Graceful fallbacks using Absinthe async helper

We’ve been using Absinthe to power a mobile BFF in a kubernetes environment for several years now. One of the challenging aspects of this has been dealing with failures in a graceful way. Especially, in an environment where the apps we have dependencies on (including our rails monolith) are deployed dozens of times every day. The other challenging aspect has been ensuring that we can fetch as much data asynchronously as possible.

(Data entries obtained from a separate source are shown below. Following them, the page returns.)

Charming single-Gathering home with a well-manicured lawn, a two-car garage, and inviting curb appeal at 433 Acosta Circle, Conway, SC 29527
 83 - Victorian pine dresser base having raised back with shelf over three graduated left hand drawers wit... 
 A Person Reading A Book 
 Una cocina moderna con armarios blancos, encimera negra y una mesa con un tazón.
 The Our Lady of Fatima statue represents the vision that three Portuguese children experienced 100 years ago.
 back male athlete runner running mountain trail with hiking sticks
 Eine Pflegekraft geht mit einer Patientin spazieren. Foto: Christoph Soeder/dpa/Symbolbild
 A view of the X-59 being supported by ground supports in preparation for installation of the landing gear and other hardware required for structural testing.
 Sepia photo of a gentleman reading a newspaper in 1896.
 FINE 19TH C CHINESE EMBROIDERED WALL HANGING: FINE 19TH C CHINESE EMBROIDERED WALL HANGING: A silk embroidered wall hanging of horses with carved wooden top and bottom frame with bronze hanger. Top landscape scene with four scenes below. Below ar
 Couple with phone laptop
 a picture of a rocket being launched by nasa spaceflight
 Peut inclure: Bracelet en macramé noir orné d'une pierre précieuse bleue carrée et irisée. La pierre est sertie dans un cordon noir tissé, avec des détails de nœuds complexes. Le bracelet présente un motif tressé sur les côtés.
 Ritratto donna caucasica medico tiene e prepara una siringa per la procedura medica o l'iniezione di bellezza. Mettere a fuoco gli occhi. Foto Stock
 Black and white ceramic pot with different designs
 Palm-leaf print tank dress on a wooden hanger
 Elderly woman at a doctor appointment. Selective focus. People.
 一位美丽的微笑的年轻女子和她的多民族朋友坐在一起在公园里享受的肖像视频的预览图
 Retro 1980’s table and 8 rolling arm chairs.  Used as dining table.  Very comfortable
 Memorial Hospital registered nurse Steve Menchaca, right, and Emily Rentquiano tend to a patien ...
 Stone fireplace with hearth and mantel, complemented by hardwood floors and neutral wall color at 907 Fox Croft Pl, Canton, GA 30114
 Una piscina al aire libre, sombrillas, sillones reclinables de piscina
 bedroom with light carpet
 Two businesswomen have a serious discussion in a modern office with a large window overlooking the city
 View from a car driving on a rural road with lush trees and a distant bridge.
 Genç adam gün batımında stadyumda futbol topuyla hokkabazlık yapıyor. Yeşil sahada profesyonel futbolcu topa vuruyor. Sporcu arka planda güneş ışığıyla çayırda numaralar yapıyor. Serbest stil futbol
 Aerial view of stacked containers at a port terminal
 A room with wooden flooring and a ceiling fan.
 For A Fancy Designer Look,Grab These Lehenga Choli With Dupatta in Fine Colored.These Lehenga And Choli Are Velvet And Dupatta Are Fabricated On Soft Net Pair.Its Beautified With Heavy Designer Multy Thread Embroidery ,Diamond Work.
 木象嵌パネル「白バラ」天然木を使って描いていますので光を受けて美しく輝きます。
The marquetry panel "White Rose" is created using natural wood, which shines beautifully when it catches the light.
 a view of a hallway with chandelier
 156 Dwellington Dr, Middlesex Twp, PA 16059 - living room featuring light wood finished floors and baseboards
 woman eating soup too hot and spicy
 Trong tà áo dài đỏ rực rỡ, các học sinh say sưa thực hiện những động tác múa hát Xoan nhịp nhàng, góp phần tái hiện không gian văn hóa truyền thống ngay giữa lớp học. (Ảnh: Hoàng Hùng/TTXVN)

We originally used Absinthe’s async middleware, but soon discovered that it didn’t fail in a “nice” enough way (for our liking) when timeouts occurred. So we started creating things like this:

  def get_cart(args, %{context: %{forwarded_headers: headers}}) do
    span_context = %Spandex.SpanContext{
      trace_id: Tracer.current_trace_id(),
      parent_id: Tracer.current_span_id()
    }

    [&fetch_cart/3, &fetch_coupon/3, &fetch_messages/3]
    |> Task.async_stream(& &1.(args, headers, span_context),
      ordered: true,
      on_timeout: :kill_task,
      timeout: @cart_timeout,
      max_concurrency: 3
    )
    |> Enum.into([], fn {status, res} ->
      case status do
        :ok ->
          res

        _ ->
          nil
      end
    end)
    |> merge_responses()
  end

When I look at this, I think: “there must be a better way”.

I’m working on a PR to change the Absinthe async helper to use Task.async_stream/3 instead of Task.await and provide a fallback option. But I’m not sure how to write a “good” test for the timeout aspect, and I’m not sure there isn’t a much better option than what I’m proposing.

Is there a better way?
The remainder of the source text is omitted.